** TASK TO CARRY OUT **
Everything in the listing below should be repeated verbatim, apart from the pictures.

** PROVIDED MATERIAL **

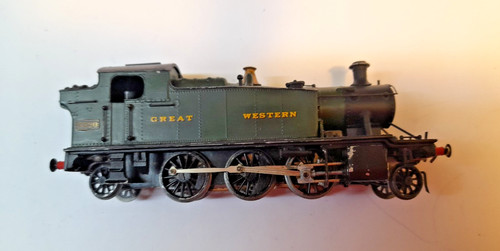 Kit built gwr 55xx - kit,
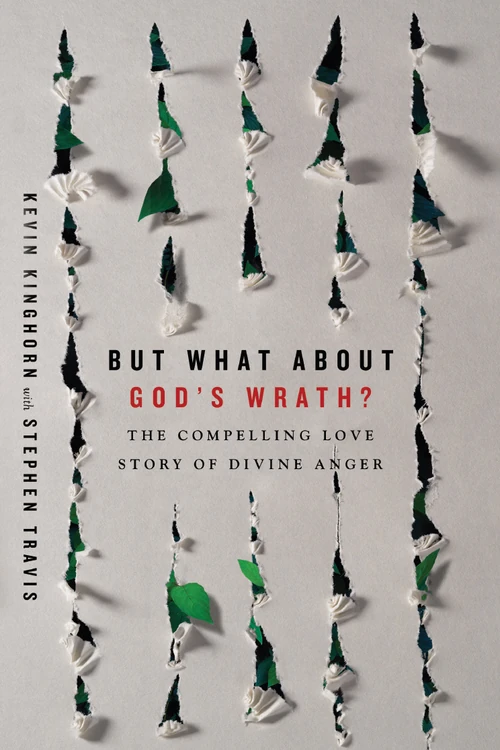 Cover of But What About God's Wrath?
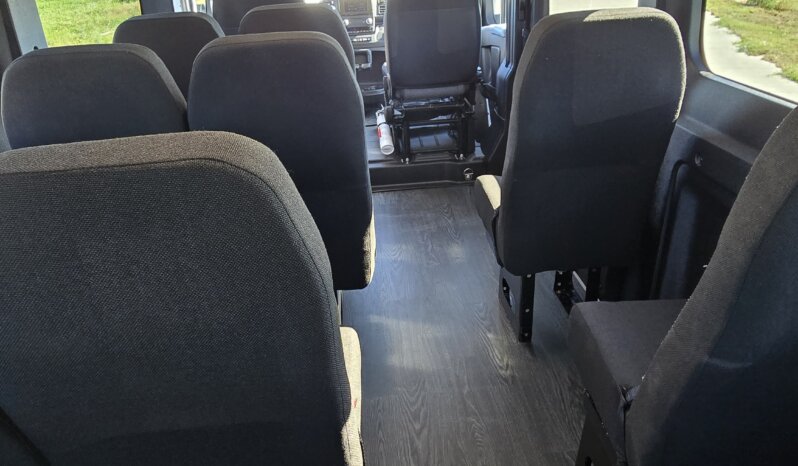 2025 RAM PROMASTER 2500 9+1/passenger NEW! full
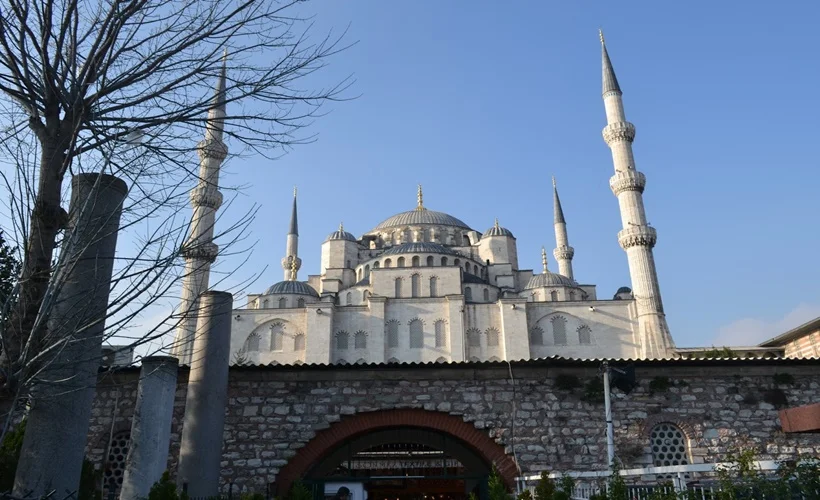 İstanbul'un 'Sultanları ve Camileri'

** ANSWER FOR THIS EXERCISE **
 Kit built gwr 55xx - kit,
 Cover of But What About God's Wrath?
 2025 RAM PROMASTER 2500 9+1/passenger NEW! full
 İstanbul'un 'Sultanları ve Camileri'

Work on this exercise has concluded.